In one case last year, a woman who had accused a man of rape was arrested and held in jail for eight days.
In a report released Tuesday, the group Court Watch NOLA argued that prosecutors should curb such arrests, which are carried out using so-called material witness warrants. And in the case of sexual assault and domestic violence, the group said, such warrants should never be employed.
“We really think that it’s up to the DA’s Office to take the trauma of the victim into consideration,” said Simone Levine, the group's executive director. “We think that in cases of sex offense and domestic violence, that it’s really just not worth bringing the victim in through an incarceratory facility.”
The group said there were at least 30 cases in which Orleans prosecutors obtained material witness warrants in 2016, and six cases in which victims were arrested.
Those cases represent a tiny fraction of the roughly 5,000 new felony cases that come through the door at Criminal District Court every year, according to Metropolitan Crime Commission reports.
In a statement, Assistant District Attorney Christopher Bowman dismissed the Court Watch NOLA report as “simply sloppy.” He pointed to a chart in which the group misidentified the number of crime victims who are women. The group later issued a corrected version of the report.
“According to Court Watch NOLA, the DA’s Office arrested six people on material witness warrants in 2016, but only one of these warrants was issued for a victim in either a sex crime or domestic violence case," said Bowman, the spokesman for District Attorney Leon Cannizzaro. "The district attorney is far more concerned with the numbers 55 and 204, which are, respectively, the number of people murdered and shot in New Orleans in 2017.”
In the rape case, prosecutors said they could not find the accuser in a case in which the defendant was charged with second-degree rape and second-degree battery.
The victim was held in jail for eight days before the warrant against her was dropped. The defendant was ultimately convicted of second-degree battery, according to court records. Online court files do not make clear whether the victim testified.
Half of the 30 material witness warrants tracked in 2016 were for victims of crimes and half were for witnesses, Court Watch NOLA said.
In one case, a witness in an attempted murder case was held for 179 days because his failure to testify violated the terms of his probation, the report said.
The report said that warrants were obtained for women who made accusations in a sexual battery and second-degree kidnapping case and in an aggravated assault and domestic abuse battery case. Neither woman was actually arrested.
Court Watch NOLA said it believes more material witness warrants may have been issued in 2016, but it was difficult to track such cases in court records. Bowman said the DA's Office does not keep a count.
The court observation group acknowledged that prosecutors are often put in a difficult position by reluctant witnesses. They must decide whether to arrest the victim or witness or to drop a case and allow a criminal to go free. The dilemma is particularly thorny in gang violence cases, since they present a clear threat to the larger community.
The group said the DA's Office should issue a public protocol to make clear when it will seek material witness warrants.

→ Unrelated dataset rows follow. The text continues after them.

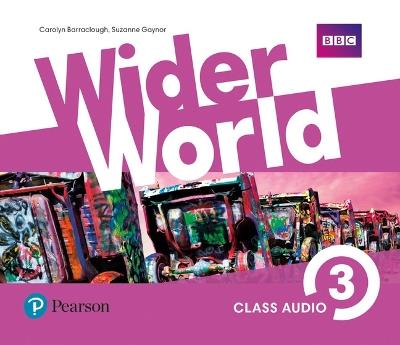 Wider World 3 Class Audio CDs - Carolyn Barraclough,Suzanne Gaynor - cover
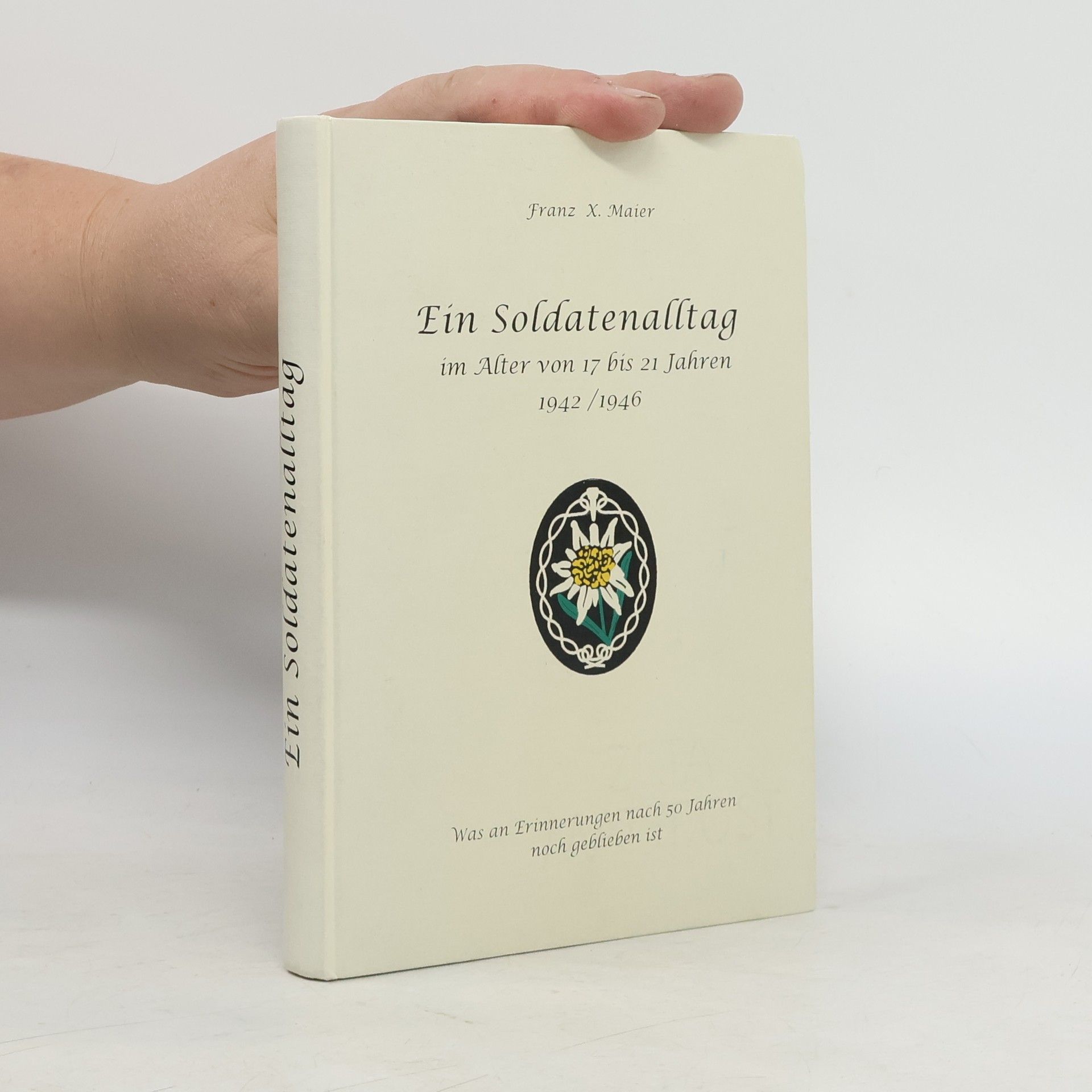 Franz X. Maier Ein Soldatenalltag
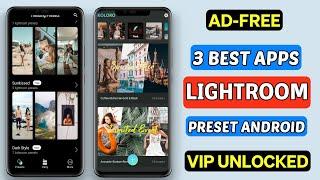 3 Best Lightroom Preset App For Android | Free Preset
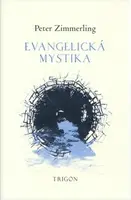 Evangelická mystika - Peter Zimmerling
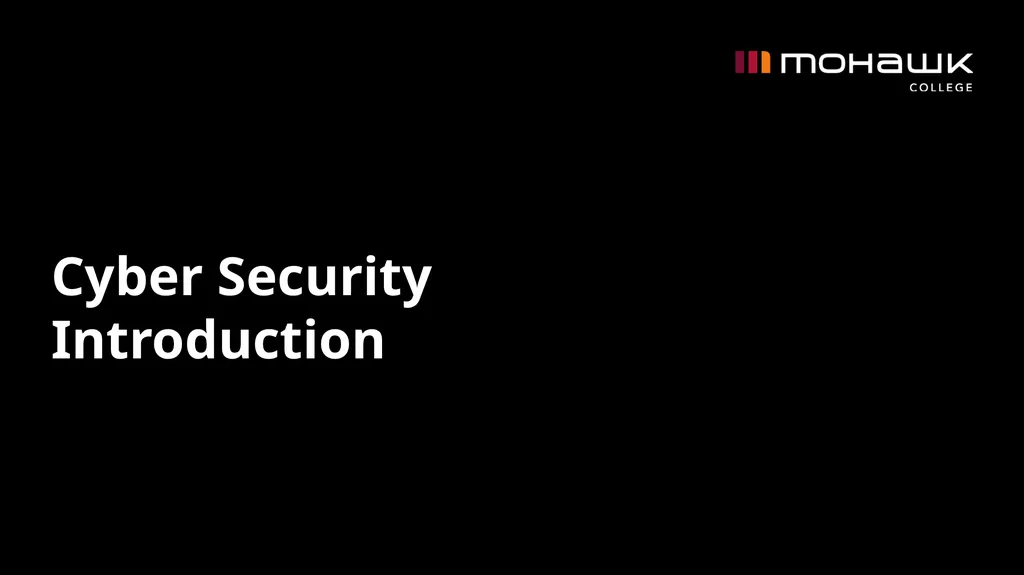 Cyber Security Introduction Definitions and - slide 1 of 31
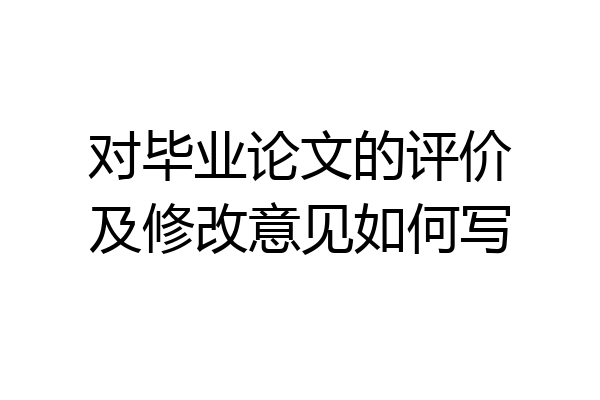 对毕业论文的评价及修改意见如何写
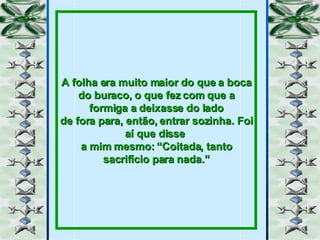 A folha era muito maior do que a boca do buraco, o que fez com que a formiga a deixasse do lado de fora para, então, entrar sozinha. Foi aí que disse  a mim mesmo: “Coitada, tanto sacrifício para nada.” 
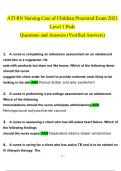 ATI RN Nursing Care of Children Proctored Exam 2023 Level 1 Peds questions and answers latest 2023 - 2024 [100% correct answers]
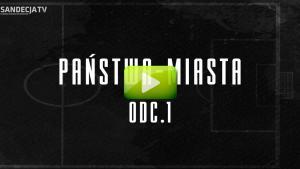 'Państwa-miasta' - odcinek 1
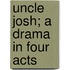 Uncle Josh; A Drama In Four Acts
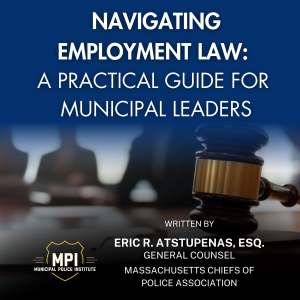 Navigating Employment Law:  A Practical Guide for Municipal Leaders
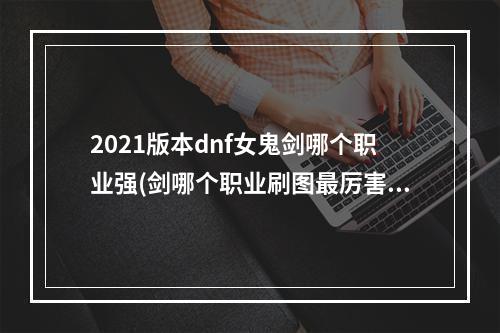 2021版本dnf女鬼剑哪个职业强(剑哪个职业刷图最厉害 dnf女鬼剑哪个职业刷图厉害)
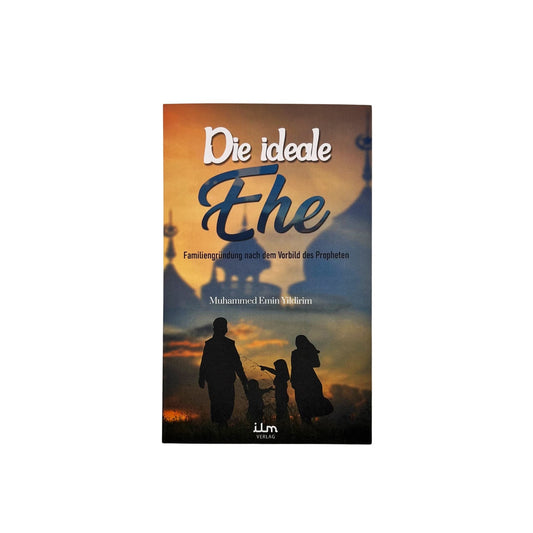 Die ideale Ehe - Familiengründung nach dem Vorbild des Propheten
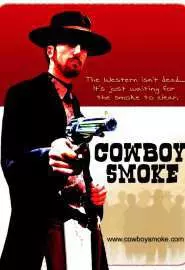 Cowboy Smoke - постер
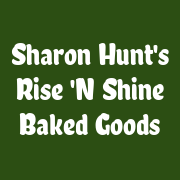 Sharon Hunt's Rise N Shine Baked Goods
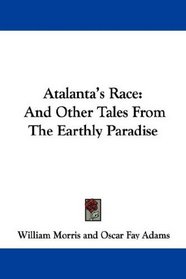 Atalanta's Race: And Other Tales From The Earthly Paradise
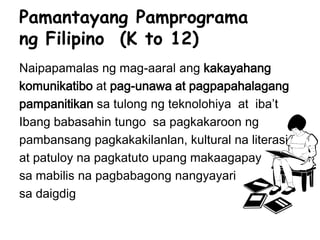 Pamantayang Pamprograma
ng Filipino (K to 12)
Naipapamalas ng mag-aaral ang kakayahang
komunikatibo at pag-unawa at pagpapahalagang
pampanitikan sa tulong ng teknolohiya at iba’t
Ibang babasahin tungo sa pagkakaroon ng
pambansang pagkakakilanlan, kultural na literasi
at patuloy na pagkatuto upang makaagapay
sa mabilis na pagbabagong nangyayari
sa daigdig
 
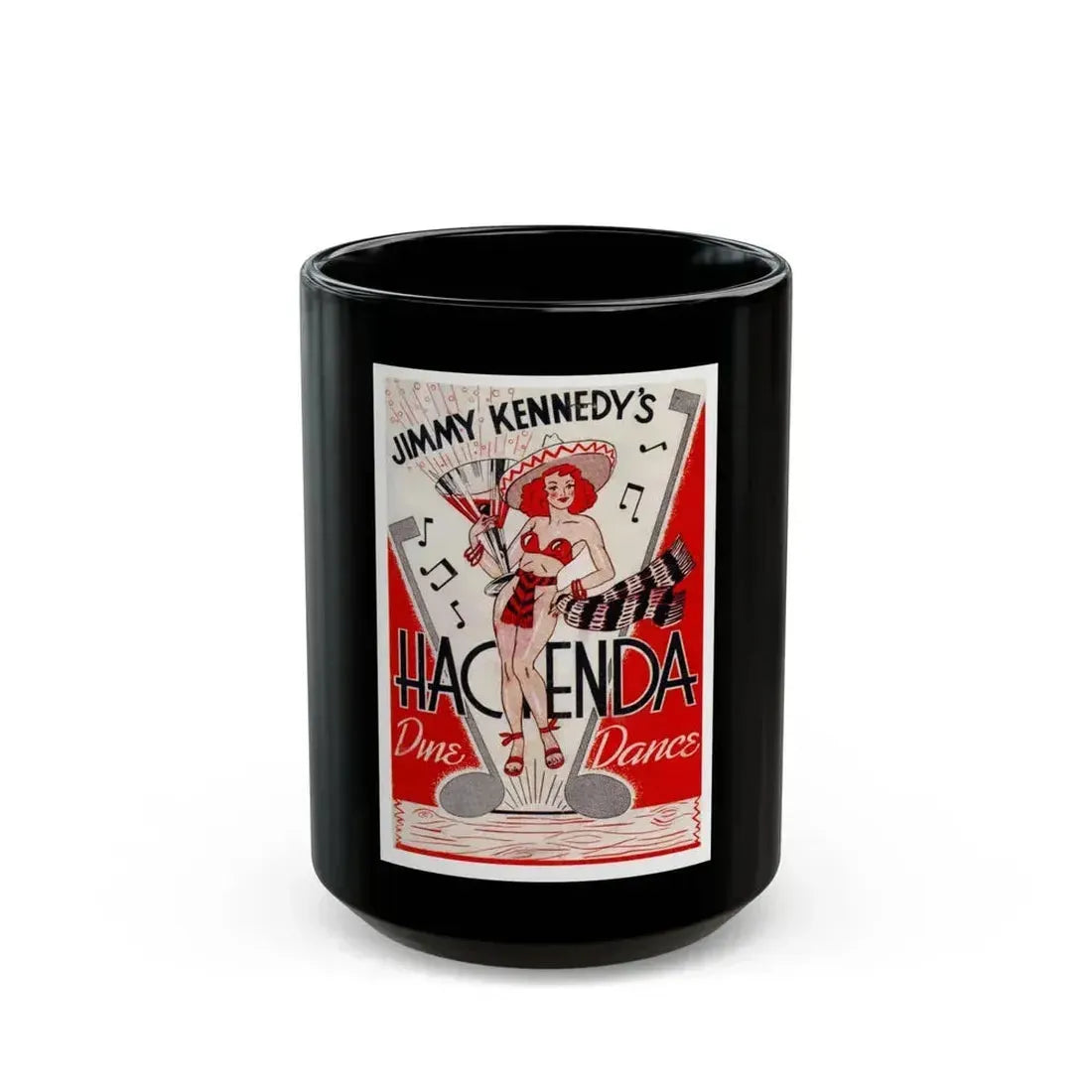 Dine 'n' Dance at the Hacienda, 1944 - Black Coffee Mug 15oz - Go Mug Yourself
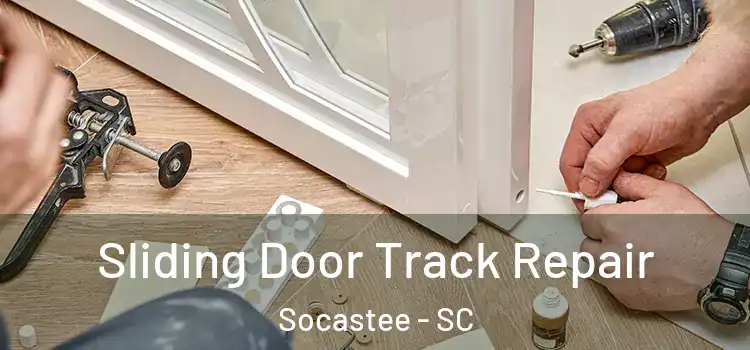  Sliding Door Track Repair Socastee - SC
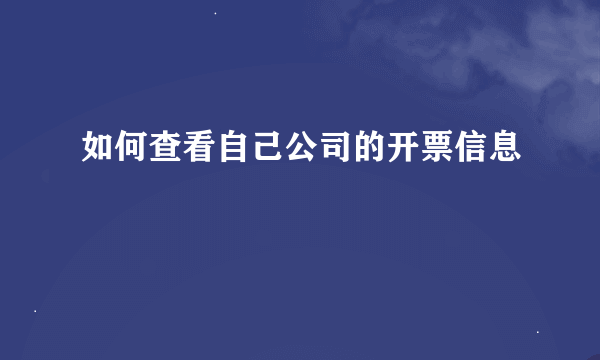 如何查看自己公司的开票信息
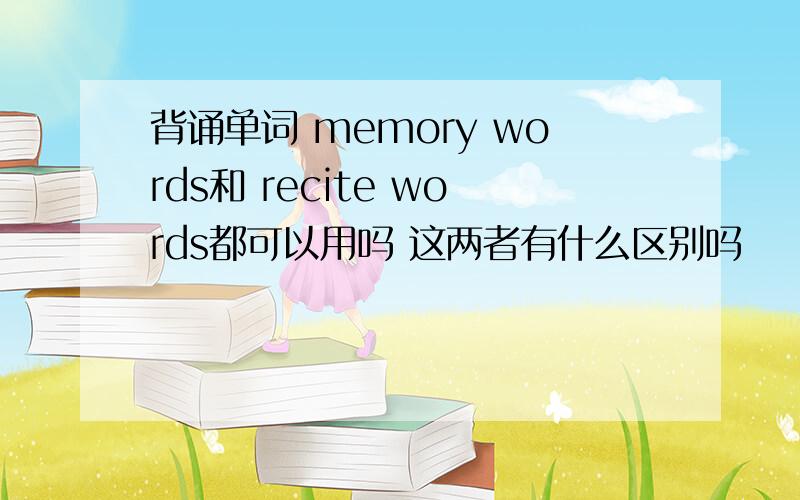 背诵单词 memory words和 recite words都可以用吗 这两者有什么区别吗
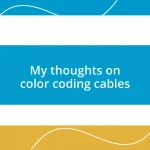 My thoughts on color coding cables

One law professor who has written about the use of material witness warrants said she was surprised to hear that prosecutors had issued one in a rape case.
“I think that most jurisdictions don’t want to get the reputation that you have to issue warrants to prosecute either sexual assault or domestic violence cases. A lot of advocates see material witness warrants as a way of victimizing the victims,” said Geneva Brown, a professor at Valparaiso University in Indiana.
Brown said the trend in sexual assault and domestic violence cases in recent years has been to offer victims support services, such as an advocate who can guide a victim through the judicial process or compensation for transportation.
“If (material witness warrants) are being issued, even in just a handful of cases, what message are you sending to other victims of sexual assault?” Brown said. “Other victims may not come forward if they know this is how they’re going to be treated.”
Levine said she was not aware of any study tracking the use of material witness warrants in other jurisdictions. However, Jefferson Parish prosecutors have employed the tactic in at least one recent case.
In February, Xevion Davis was booked on a material witness warrant in order to force him to testify before a grand jury in the killing of his 10-month-old son in Marrero.